Es gehört nach Auffassung der Regierung zur Tradition (auch beim Bund und anderen Kantonen), dass sich Mitglieder der Regierung nach ihrem Rücktritt zu Gunsten von Gesellschaft und Wirtschaft einbringen, insbesondere, wenn sie jung aus dem Amt scheiden. Dies ist nicht zuletzt auch Ausdruck unseres Milizsystems, wonach Vollämter, wie jenes einer Regierungsrätin oder eines Regierungsrats, berechtigterweise nur auf beschränkte Zeit ausgeübt werden können. Aufgrund ihrer Erfahrung und Vernetzung bringen ehemalige Mitglieder der Regierung für die Privatwirtschaft, aber auch für die Mitarbeit in gemeinnützigen Organisationen die nötigen Voraussetzungen mit. Letztere können dabei auch in der Rechtsform der Aktiengesellschaft ausgestaltet sein und verfügen demzufolge über einen Verwaltungsrat.

Die Regierungsmitglieder sind in amtlichen Angelegenheiten zur Verschwiegenheit verpflichtet, soweit an der Geheimhaltung ein überwiegendes öffentliches oder privates Interesse gemäss Öffentlichkeitsgesetz besteht oder wenn eine besondere gesetzliche Bestimmung dies vorsieht. Das Amtsgeheimnis ist auch nach dem Ausscheiden aus dem Amt zu wahren (Art. 5 Abs. 1 des Regierungs- und Verwaltungsorganisationsgesetzes, BR 170.300). Damit können Interessenskonflikte verhindert werden.

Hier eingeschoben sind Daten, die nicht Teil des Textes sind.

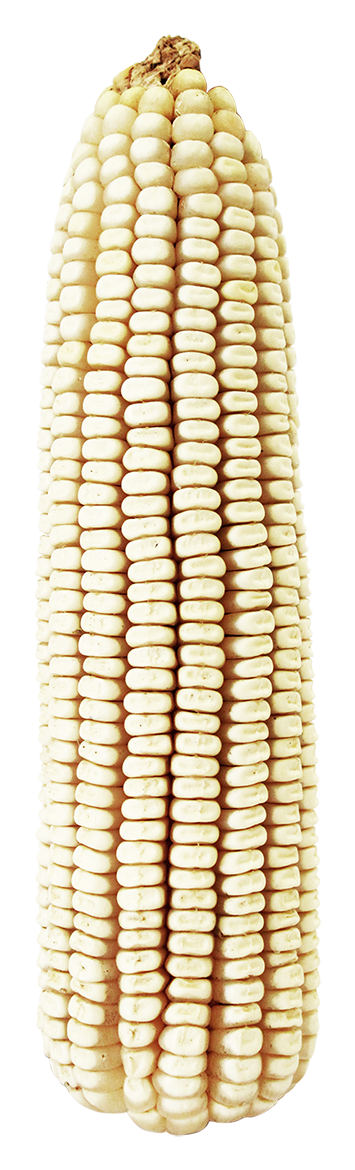 Maíz Blanco - Mazorca De Maiz Blanco (376x1200), Png Download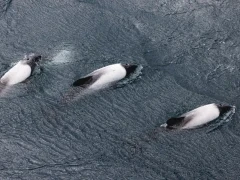 Aerial view of Peale's dolphins.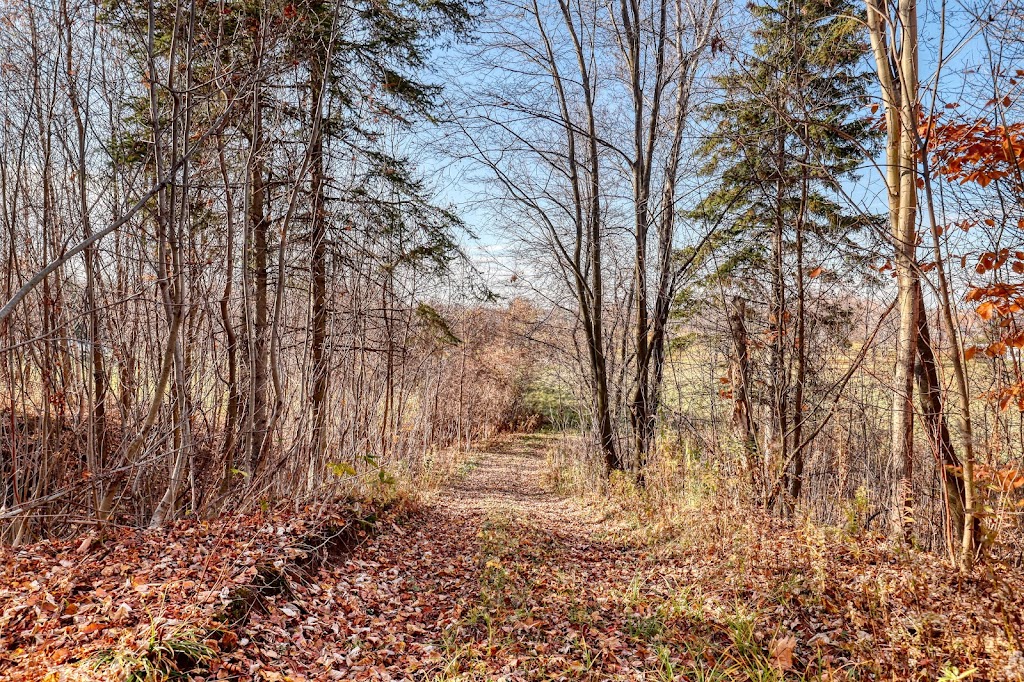 Ranch Eldorado inc | 11555 Boul Bécancour, Bécancour, QC G9H 2K1, Canada | Phone: (450) 803-0575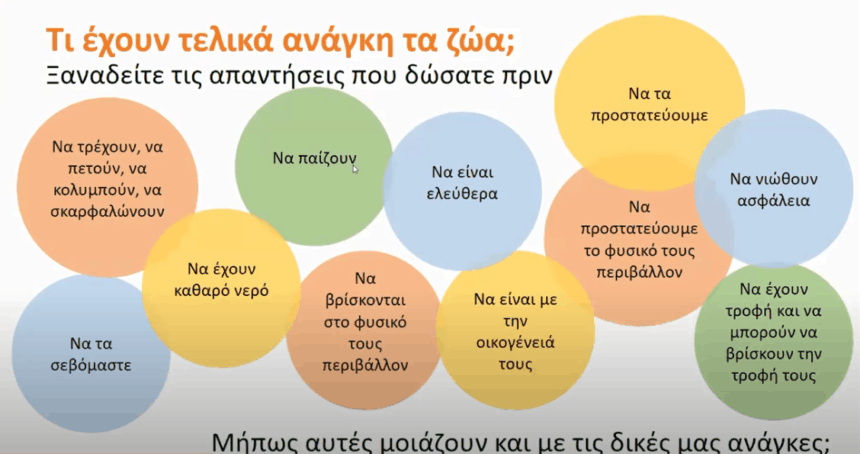 Διαδικτυακό σεμινάριο επιμόρφωσης των εθελοντών/ντριών της ΠΦΠΟ – Online training seminar of the PFPO volunteers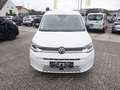 Volkswagen Caddy Maxi 2,0 TDI Life *7-SITZE+LED* Weiß - thumbnail 2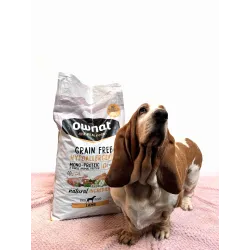 GRAIN FREE HYPO LAMB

Eine Karenzfrist hätte darüber hinaus negative Auswirkungen auf den Kantonshaushalt. Im Gesetz über die Gehälter und die berufliche Vorsorge der Mitglieder der Regierung (BR 170.380) wird die Höhe des Ruhegehalts festgelegt. Ein Erwerbseinkommen ist ausdrücklich vorgesehen und führt ab einer bestimmten Höhe zu einer Kürzung des Ruhegehalts. Eine Karenzfrist würde es den ausscheidenden Regierungsmitgliedern erschweren bis verunmöglichen, ein Erwerbseinkommen zu erzielen, zumal Anfragen für die Übernahme von Ämtern oder Mandaten erfahrungsgemäss vor allem im Zeitpunkt des Rücktritts eintreffen. Damit würden die vollen Ruhegehälter fällig. Ziel sollte weiterhin sein, dass jüngere ausscheidende Regierungsmitglieder erwerbstätig bleiben und damit nicht auf den Bezug des vollen Ruhegehaltes angewiesen sind. Damit kann auch eine erwünschte finanzielle Entlastung des Kantons erreicht werden.

Aufgrund dieser Ausführungen beantragt die Regierung dem Grossen Rat, den vorliegenden Auftrag abzulehnen.